Parvaneh Salahshour, a member of the Reformist Hope bloc, said Dec. 2, “From the very beginning, when the protests occurred, members of parliament began to think of a solution to find out the truth about what happened. Bits and pieces of news from different places have reached us with tremendous differences in statistics.”
Salahshour added, “We see among the deaths that there are juveniles, and this is extremely sad. Given these situations and events is why we wanted to form a fact-finding committee.” She said she hoped the committee would be permitted to be formed because “there are concerns in the majority of the cities, and [parliament members] want to be able to tell their people what happened.”
Salahshour warned, “Ignoring the people is extremely dangerous; decision-makers should know what consequences it has. Maybe for some time, people will remain quiet. But [some] hearts are full of spite.”
In an effort to force authorities to make public their numbers, Mahmoud Sadeghi — a Reformist parliamentarian who has sought answers from government officials since the protests began — tweeted Dec. 2, “Warning to officials. If the authorities do not publish the numbers of killed, injured and arrested, members of parliament will have no choice but to publish numbers given by people.”
According to Bahram Parsaei — spokesman for parliament’s Article 90 commission, which permits special investigations — all three parliamentary factions have sought a special committee to investigate the November protests, though apparently with different objectives. Ahmad Salek, vice chairman of the conservative Velayat fraction, said of a special committee, “All of the factions [in parliament] want this given the volume of heavy damages that was imposed on the country over the price increase of fuel.” Salek’s comment suggests that his political bloc will seek to turn any committee into a tool to condemn Rouhani and possibly impeach his ministers over the decision rather than seek answers over protester deaths or arrests.

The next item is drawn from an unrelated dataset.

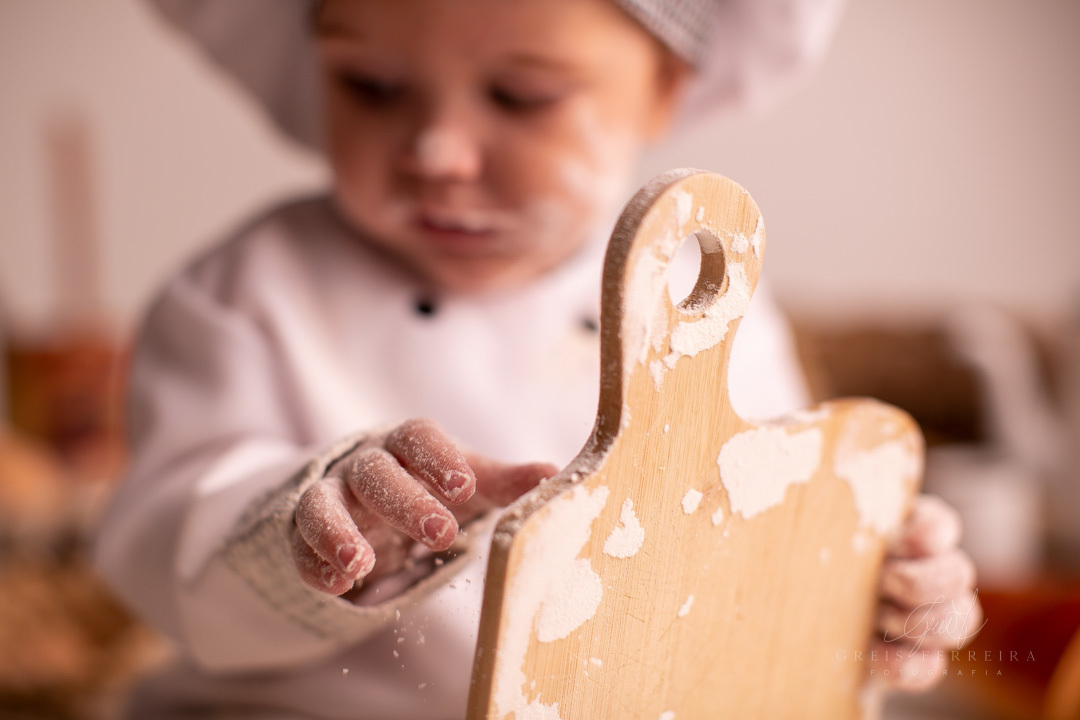 ensaio de bebe de 9 meses de padaria segurando uma tabua de madeira suja de farinha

While protests have died down, arrests have not. The Intelligence Ministry announced Dec. 2 that “29 individuals who were the primary agents of attacks against private and public centers and police bases” were arrested in Khuzestan province. According to the statement, 13 firearms were also found during the arrest including a Kalashnikov and handguns, and also military uniforms and forged license plates.
The statement added there were three teams of terrorists arrested, which had support and special training from an unidentified Gulf state. The statement said they carried out “planned attacks against government buildings and shootings against police.”